The third principle of natural capitalism—the most interesting and powerful one, I think, which Jim Womack calls the “solutions economy”—provides the strongest kind of feedback by changing what we reward, changing the business model so that both the provider and the customer make money in exactly the same way—by doing more and better with less for longer. To do this, the “solutions economy” business model shifts from occasionally making and selling things to providing a continuous flow of value and service.
Examples are popping up everywhere. If you go to Europe or Asia, you’ll notice elevators made by Schindler, a Swiss company that is experimenting with not selling its elevators. Because the firm believes its elevators require less energy and maintenance than competing ones, if Schindler retains ownership of the elevators and pays the running cost itself, it can more cheaply and profitably provide customers with what they want, which isn’t an elevator; it is the service of being moved up and down. Instead of selling you an elevator, the firm leases you a vertical transportation service.
Similarly, Dow would rather not sell you a solvent. It’s a much better deal for both of you to lease you a dissolving service, after which Dow takes back the solvent and repurifies it. The more times it can be re-used and the less is lost on each cycle, the more money you both make. Dow can charge less, gaining market share. You pay less, yet Dow has more profit. In fact, if Dow can keep your parts from getting greasy in the first place, then no solvent is needed, and they can get paid for that too.
This takes us to a world in which, when a company tries to sell people a product whose use will deliver the service they really wanted in the first place, a smart customer will probably ask: “Why are you trying to sell me this product? If it had the operational benefits you claim for it, you’d want to get those benefits yourself by keeping it and just leasing me the service it provides. So why do you want to sell me this thing? There must be something wrong with it!”
The fourth principle of natural capitalism is to reinvest in natural capital. This is the easiest of the four because nature does the production; all we need to do is get out of the way and let life flourish wherever it wants to—it’s very good at that. Typically, those who learn to treat nature as model and measure and mentor, not as a nuisance to be evaded, are those whose business success depends directly on the health of nature around them—such as farmers, foresters, fishers, and ranchers. Allan Savory, the Rhodesian wildlife biologist, showed that the arid, brittle Western rangeland we thought was overgrazed is typically undergrazed, but it’s grazed in the wrong way. If the grazing pattern is carefully changed to mimic the natural co-evolution of grass and grazing animals, the result is actually more grass, more animals, and everything working much better. Then there is Wes Jackson’s work at The Land Institute on the high plains in Salina, Kansas, where he is trying to change agriculture from a monoculture of annuals to a polyculture of perennials that will look like a prairie, because that’s what works best there.

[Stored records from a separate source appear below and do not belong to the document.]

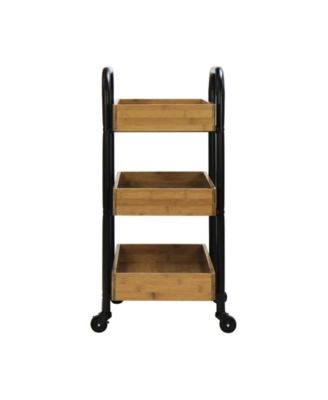 Portable Storage Cart with 3 Easy Removable Bamboo Trays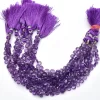Natural Amethyst Gemstone Heart Briolette | 5mm, 6mm, 7mm Faceted Beads 8inch Strand | AAA+ Amethyst Semi Precious Gemstone Loose Briolettes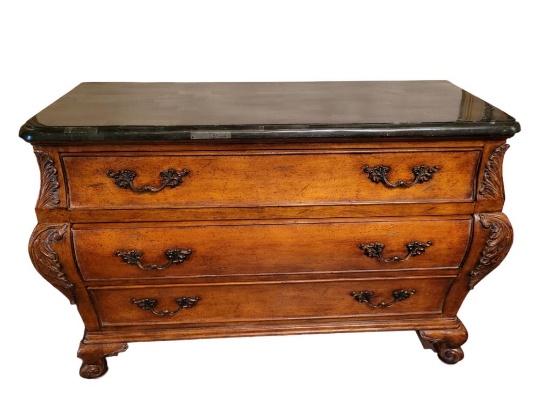 Marble Top 3-Drawer Chest with Brass Hardware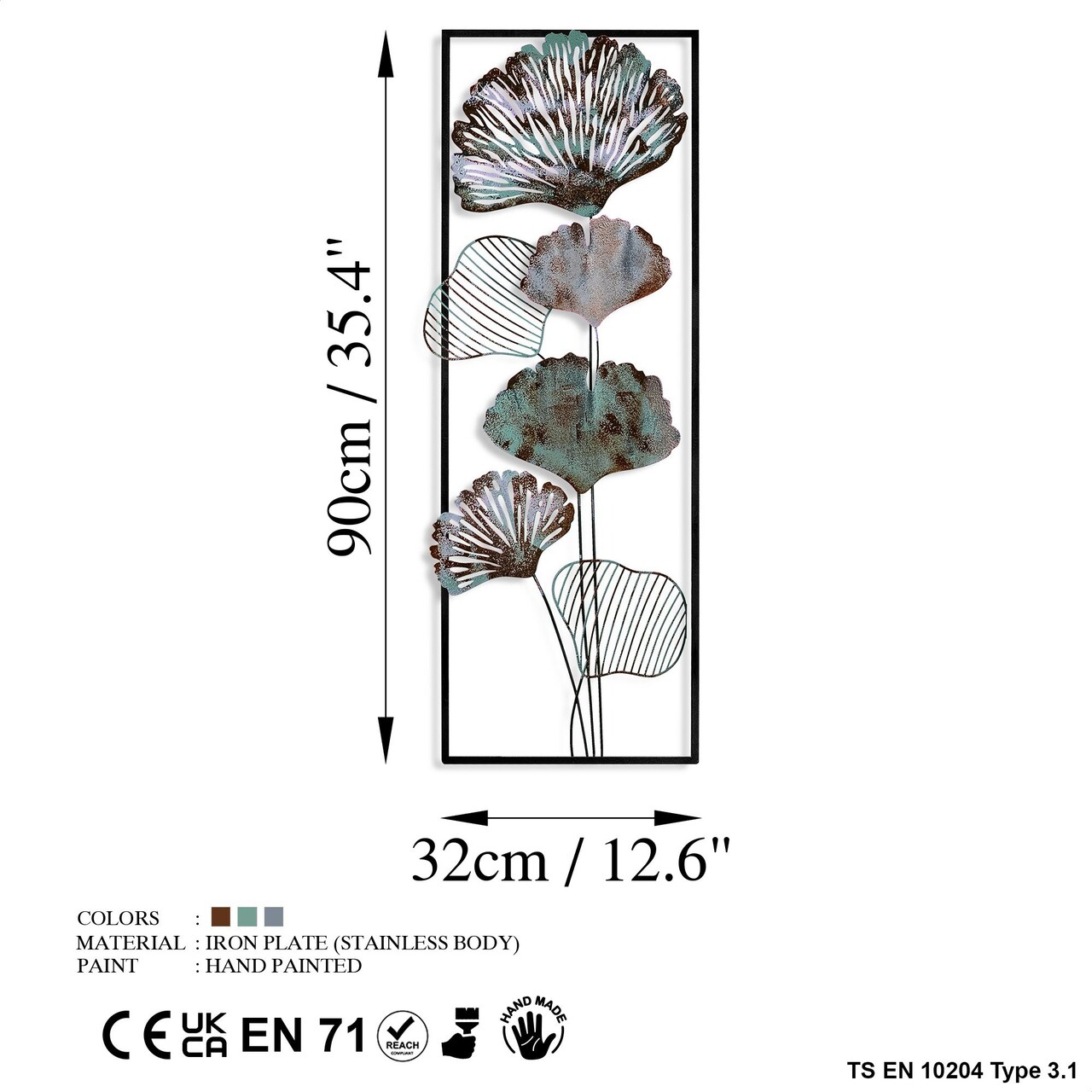 Decoratiune de perete, Fig 3, Dimensiuni: 32 x 90 x 4 cm, Multicolor - view 8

The rice farmers in California used to burn straw after the dry-rice harvest. Then they tried flooding the rice fields into a seasonal wetland instead, inviting in millions of ducks and geese, which provided free fertilizer and cultivation plus lucrative hunting licenses. The farmers harvested the previously burned silica-rich rice straw as a valuable building material. They are also paid for recharging the ground water. Although they are still selling rice, it’s merely a co-product of these other activities, so the system is far more profitable. Thirty percent of the rice growing has been switched over to this system, which imitates some of the extraordinarily productive Asian and African coproduction systems.

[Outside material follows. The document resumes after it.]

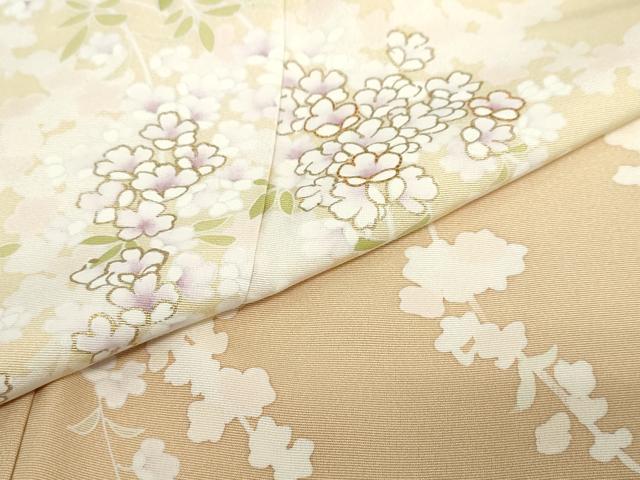 平和屋着物●訪問着　駒刺繍　枝垂れ草花文　暈し染め　金彩　正絹　逸品　DABC2410ud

I want to add the example of Gunter Pauli’s Zero Emission Research Initiative (www.zeri.org), because it shows how to reinvest in and with natural capital in the South. He points out that a billion people worldwide have poor housing or no housing, even though many of them live in places where bamboo, a grass that can be stronger than steel, grows prolifically. The Colombian architect Simon Veléz has figured out how to turn a hundred pieces of bamboo five meters long into a strong and beautiful 65-square-meter house. The bamboo grows in 100 square meters of bamboo thicket every five years. Including a cement slab and other amenities, the cash cost of the house is $1,700. Smoking the bamboo as a preservative method also yields a by-product of charcoal for cooking, which saves trees, and because the smoke brings acid to the bamboo’s surface, bugs won’t eat it, so it can last for 500 years. Growing the bamboo for structure and smoking sequesters enough carbon to sell to a broker for about $1,700, which means you just grew your own house, made it self-financing, and protected the climate—a nice example of what you can accomplish with integrated design.
You can achieve the same design integration and entrepreneurship at the level of a whole society. My favorite chapter in our book Natural Capitalism is the one about Curitiba, a Brazilian city the size of Houston or Philadelphia. Its population has quadrupled to two and a half million people in the past twenty years, and the city’s budget per person is 15 times smaller than that of Detroit. This doesn’t make it sound like a nice place to live. Yet, although it’s not paradise, the city has the highest quality of life in South America and has solved its problems better than any North American city I know. That’s because the people have treated their formidable social and economic and ecological needs not as competing priorities to be traded off among government departments fighting over budget, but rather as integrated, interlinked design elements with synergies to be captured. A brilliant design process, led largely by architects and by women, integrated from the start hydrology and landform, nutrient and waste flows, education and health, transport and land use, participation and dignity—and thus created one of the world’s great cities.
The heavy lifting was done largely by the private sector. In what’s widely considered the best public transport system in the world, for example, ten competing private bus companies are rewarded not for carrying more people, but for serving more kilometers of route, so they spread out and serve the whole city fairly.
Let me now illustrate how the four principles of natural capitalism fit together. Think about carpets. Carpet is typically made of oil. After ten or fifteen years it looks worn, so you have to shut down your operation, move out all the furniture, roll up the only-partly-worn carpet, and get rid of it. Each year millions of tons of carpets are sent to landfills, where they sit for ten or twenty thousand years—not a great use of oil or money or land. Meanwhile you lay down fresh carpet, glue it in, move back in, resume operations, and perhaps get sick from the fumes in the carpet glue. Does this sound like an intelligent design? Ray Anderson didn’t think so. As a result he’s been making Interface—a $1.5-billion company that makes carpet and interior-finish materials—into a natural capitalist company.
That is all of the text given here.